Data manipulation libraries
Writing code for data manipulation is an important part of any machine learning project or research paper. To me data manipulation is a very general class of operations which involves anything that converts data from one format to another. Data manipulation is useful for (1) pre-processing in order to get the right format for machine learning algorithms, and (2) post-processing in order to get the right format for visualization using tables or figures.
Python pandas and R data.table for plotting keras model fit metrics
When training machine learning models such as neural networks, it is important to monitor various loss/accuracy metrics, and plot them as a function of the regularization hyper-parameter. For example in my screencasts about neural networks using keras in R we plot subtrain/validation loss/accuracy versus number of epochs, in order to see when the neural network starts to overfit. In this section I comment on how I coded this in R, and how I translated it into python.
The first step is to use the keras package in R to declare and fit a
neural network model, which I did with the following code (note ....
means a bunch of irrelevant code has been omitted):
model <- keras::keras_model_sequential() %>% ....
history <- model %>% keras::fit(....)
The fit
function returns a named list of numeric vectors (names are
metrics such as loss
, val_loss
, acc
, val_acc
for logistic loss
and proportion accuracy with respect to train or validation sets),
which we then convert to a data table with an additional epoch
column via:
history.wide <- do.call(data.table::data.table, history$metrics)

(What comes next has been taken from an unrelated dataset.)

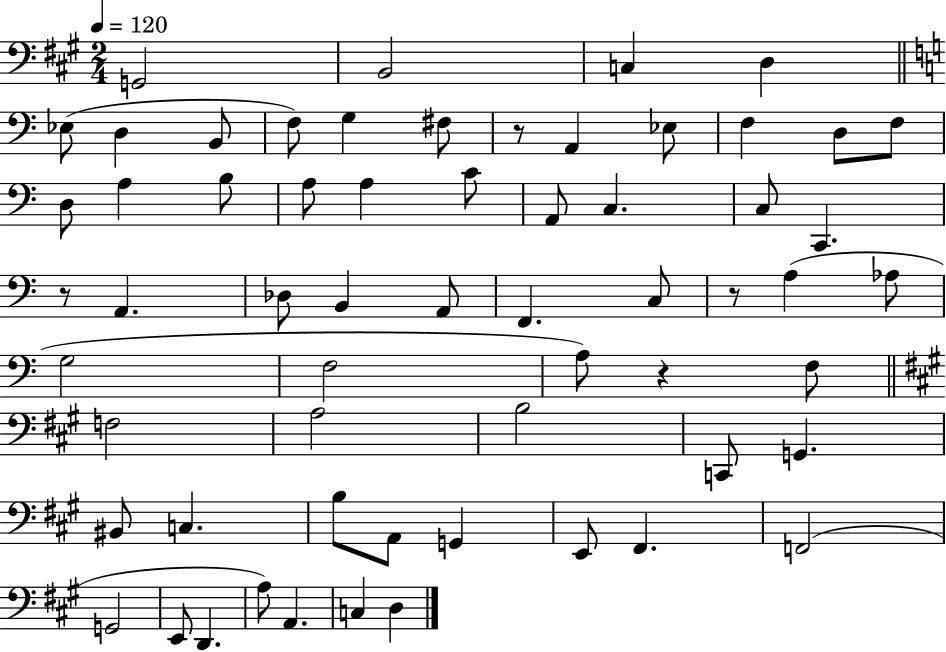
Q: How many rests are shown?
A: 4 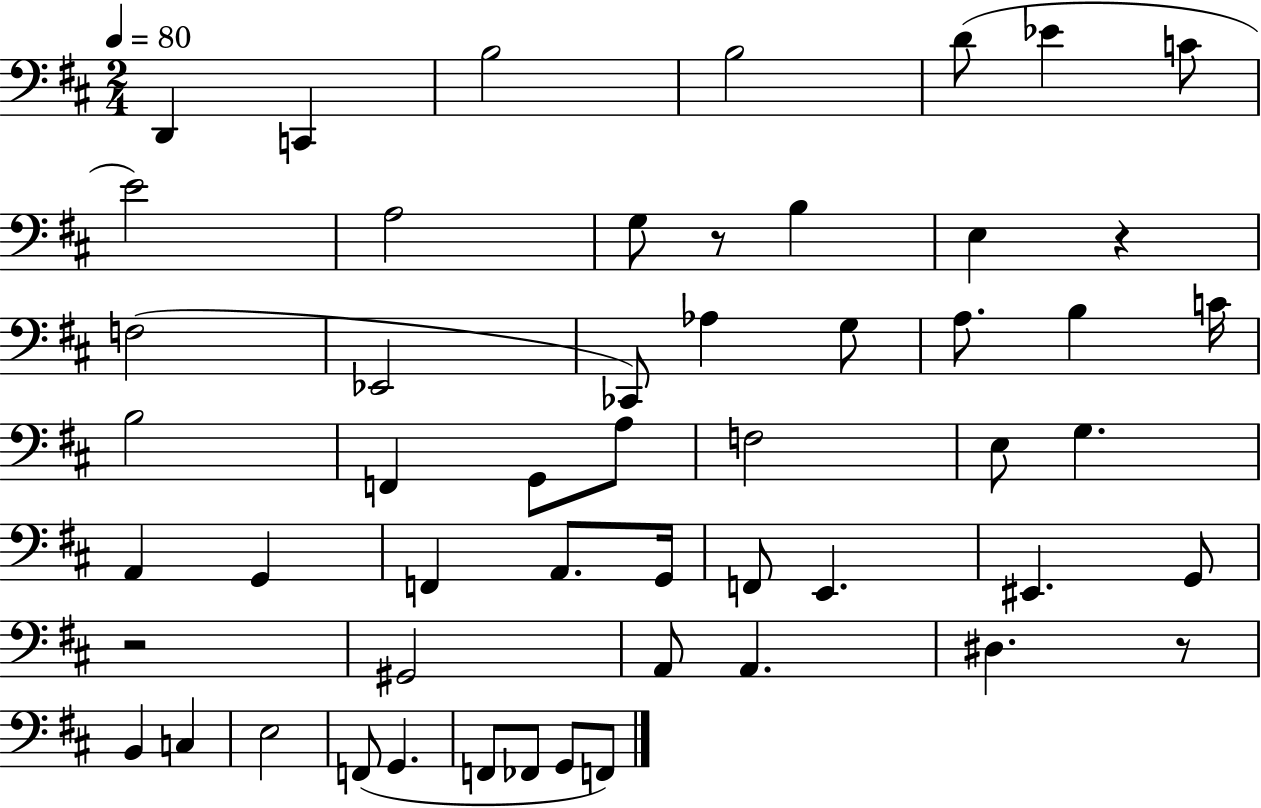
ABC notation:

history.wide[, epoch := 1:.N]
The resulting data table looks like
val_loss val_acc loss acc epoch
1: 0.3261010 0.9010870 0.49783516 0.7798913 1
2: 0.2535547 0.9114130 0.26578763 0.9228261 2
3: 0.2392319 0.9163043 0.21651624 0.9326087 3
4: 0.2274921 0.9206522 0.19466753 0.9304348 4
5: 0.2212409 0.9255435 0.18036880 0.9336957 5
---
96: 0.3007694 0.9255435 0.05798265 0.9831522 96
97: 0.3010736 0.9244565 0.05763476 0.9831522 97
98: 0.3025759 0.9260870 0.05615792 0.9820652 98
99: 0.3045697 0.9260870 0.05674289 0.9836957 99
100: 0.3036924 0.9250000 0.05580203 0.9820652 100
Doing the same computations in python looks like
import tensorflow as tf
import pandas as pd
model = tf.keras.Model(....)
history = model.fit(....)
history_wide = pd.DataFrame(history.history)
history_wide["epoch"] = np.arange(len(history_wide.index))+1
The python model.fit
method above returns a dictionary with keys for
metric names (val_loss
etc) and values which are numpy arrays, which
are combined into a DataFrame
with one row for each epoch.
After having created a wide data table (with different metrics in different columns), the next step to visualizing these data with the grammar of graphics (ggplots) is to reshape the data into tall format, e.g.
epoch prefix metric value
1: 1 val_ loss 0.3261010
2: 2 val_ loss 0.2535547
3: 3 val_ loss 0.2392319
4: 4 val_ loss 0.2274921
5: 5 val_ loss 0.2212409
---
396: 96 acc 0.9831522
397: 97 acc 0.9831522
398: 98 acc 0.9820652
399: 99 acc 0.9836957
400: 100 acc 0.9820652
In the tall data table above, the original four metric columns have
been reshaped into a single value
column. There is also a copy of
the original epoch
column, and two new columns which indicate the
set and metric. To accomplish that conversion in R I used the
following function from my
nc package:
history.tall.sets <- nc::capture_melt_single(
history.wide,
set="val_|",
metric="loss|acc")
The function call above performs the reshape operation on all of the
columns from the first argument history.wide
which match the regex
provided in the other arguments, which are pasted together to form the
final regex which will be used for matching. For more info see my
recently submitted article.
and screencasts
about the new functions in nc for data
reshaping using regular
expressions.
To accomplish something similar in the python code below we first use
the melt
function to get a tall version of the data, then we use
extract
and concat
functions to get the desired output:
history_tall = pd.melt(history_wide, id_vars="epoch")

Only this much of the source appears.